セ・リーグのクライマックスシリーズ(以下、CS)を勝ち上がって、19年ぶりの日本シリーズ進出を決めた横浜DeNAベイスターズ。就任2年目のラミレス監督の評価が高まっている。野球担当記者が話す。
「とにかく細かいデータまで把握している。普通の監督は個々の選手のチーム別の対戦成績は頭に入れていても、球場との相性まではパッとは出てこない。しかし、ラミレス監督は試合前の記者との雑談中にも、選手のデータがすらっと出てくる。相当、数字とにらめっこしながら、作戦を練っているようです」
気になるのは、データの少ない日本シリーズの戦い方だ。パ・リーグの覇者であるソフトバンクとは交流戦で3試合当たったのみ。ラミレスDeNAは昨年、今年と2年連続で3、4月は負け越し。交流戦も昨年は7勝11敗、今年も9勝9敗と勝ち越せていない。データの揃っていない春先や交流戦は得意としていないようだ。
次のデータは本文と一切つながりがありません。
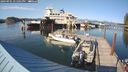 ./images/quadra/hbidock/20240901/hbidock20240901_171001M.jpg
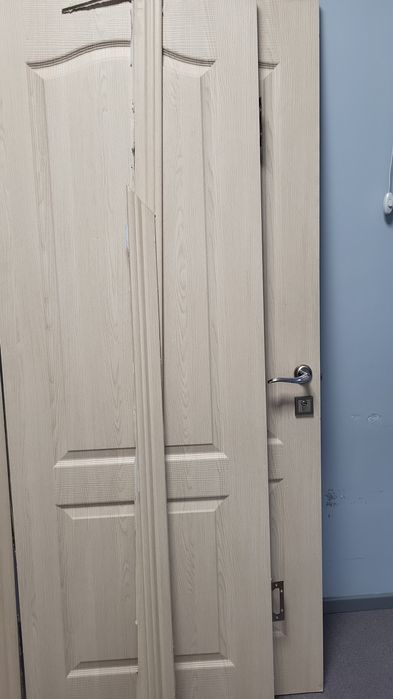 продается мебели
しかも、この2年間でソフトバンクには1勝5敗と大きく負け越している。
「日本シリーズはデータ以上に自力の勝負となるし、相手を研究し尽くしてもいざ対戦してみると予想と全然違うなんてことは頻繁にある。今のDeNAの勢いはソフトバンクにとって、最も驚異的でしょう。DeNAはメンバーもほぼ固定されていますし、データが少ないことのデメリットはあまりないと思います」(同前)
もう1つ、気になるのはラミレス監督の采配だ。
「シーズン序盤、不調だった桑原将志や倉本寿彦を先発で使い続けたように、自分が一度信じた選手にはどんなに不調になってもこだわるタイプ。短期決戦はシリーズ男もいれば、逆シリーズ男も出てくる。絶不調になってしまった選手に見切りをつけて、打順を思い切って下げたり、先発メンバーから外したりできるかに注目が集まります。選手に不調の兆候が出てきたときは、CSでもタイムリーを放った高卒1年目の細川成也を使っても面白いと思います。DHでの先発もあり得るでしょう」(同前)
CSファイナルステージの広島との最終戦で、先発の石田健大を1回で降ろす非情な采配を奮ったラミレス監督。窮地に立たされた時、打者に対しても同じような扱いができるか。